A look at the Dow Jones Industrial Average and Sunspots

This paper appeared in the journal Technological Forecasting & Social Change:

Sunspots, GDP and the stock market (View paper PDF)

by: Theodore Modis

Abstract

A correlation has been observed between the US GDP and the number of sunspots as well as between the Dow Jones Industrial Average and the number of sunspots. The data cover 80 years of history. The observed correlations permit forecasts for the GDP and for the stock market in America with a future horizon of 10 years. Both being above their long-term trend they are forecasted to go over a peak around Jun-2008.

djia-sunspots

The paper concludes:

…..If one accepts that there must be some correlation between GDP growth and stock-market growth as displayed in Fig. 5, then one cannot use the lack of scientific proof as an argument against the existence of correlation between the stock market and sunspots (Fig. 2), or between GDP and sunspots (Fig. 4). On the other hand, if these correlations are real, then we can venture long-range forecasts for the DJIA and the GDP….

….The levels forecasted here for the DJIA of 13908 in mid 2008 and 7919 in early 2014….

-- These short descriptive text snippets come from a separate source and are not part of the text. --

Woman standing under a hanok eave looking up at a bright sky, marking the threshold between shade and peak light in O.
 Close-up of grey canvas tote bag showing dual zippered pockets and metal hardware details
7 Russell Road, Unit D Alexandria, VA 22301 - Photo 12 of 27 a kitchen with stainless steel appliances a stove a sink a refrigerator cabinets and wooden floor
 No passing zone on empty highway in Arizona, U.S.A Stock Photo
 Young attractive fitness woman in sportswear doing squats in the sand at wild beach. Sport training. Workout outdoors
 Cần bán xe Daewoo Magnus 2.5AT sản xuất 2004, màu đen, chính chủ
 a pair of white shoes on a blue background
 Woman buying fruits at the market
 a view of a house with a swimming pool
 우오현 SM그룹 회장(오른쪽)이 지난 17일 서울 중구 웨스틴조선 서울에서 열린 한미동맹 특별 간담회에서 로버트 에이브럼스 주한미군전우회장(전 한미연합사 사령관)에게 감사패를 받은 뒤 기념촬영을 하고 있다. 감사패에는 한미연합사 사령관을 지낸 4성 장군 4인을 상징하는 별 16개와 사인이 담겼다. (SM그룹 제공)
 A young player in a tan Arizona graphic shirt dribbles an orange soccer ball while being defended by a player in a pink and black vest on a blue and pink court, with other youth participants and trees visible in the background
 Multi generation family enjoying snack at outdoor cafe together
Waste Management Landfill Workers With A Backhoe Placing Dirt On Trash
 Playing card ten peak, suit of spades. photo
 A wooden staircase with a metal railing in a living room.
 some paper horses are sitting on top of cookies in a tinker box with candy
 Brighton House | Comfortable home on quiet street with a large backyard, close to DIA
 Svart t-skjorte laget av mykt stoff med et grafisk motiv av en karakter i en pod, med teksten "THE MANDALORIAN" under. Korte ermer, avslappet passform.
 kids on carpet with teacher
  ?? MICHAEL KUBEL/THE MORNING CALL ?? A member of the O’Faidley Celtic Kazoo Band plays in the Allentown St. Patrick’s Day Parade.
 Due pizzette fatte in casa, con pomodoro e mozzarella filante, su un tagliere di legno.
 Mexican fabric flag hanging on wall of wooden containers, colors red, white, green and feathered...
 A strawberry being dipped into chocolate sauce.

While there may be some correlation between sunspots and the DJIA and GDP, there’s also much larger drivers, such as panic and bad loans in the banking industry. Sir William Herschel discovered a correlation between wheat prices and sunspots. In 1801 he published two papers that, in part because of Herschel’s reputation as England’s  “Kings Astronmer”, effectively launched the field of solar influences on Earth’s weather. It is in the first of these papers that Herschel discusses an anticorrelation between the price of wheat and the number of sunspots visible on the Sun.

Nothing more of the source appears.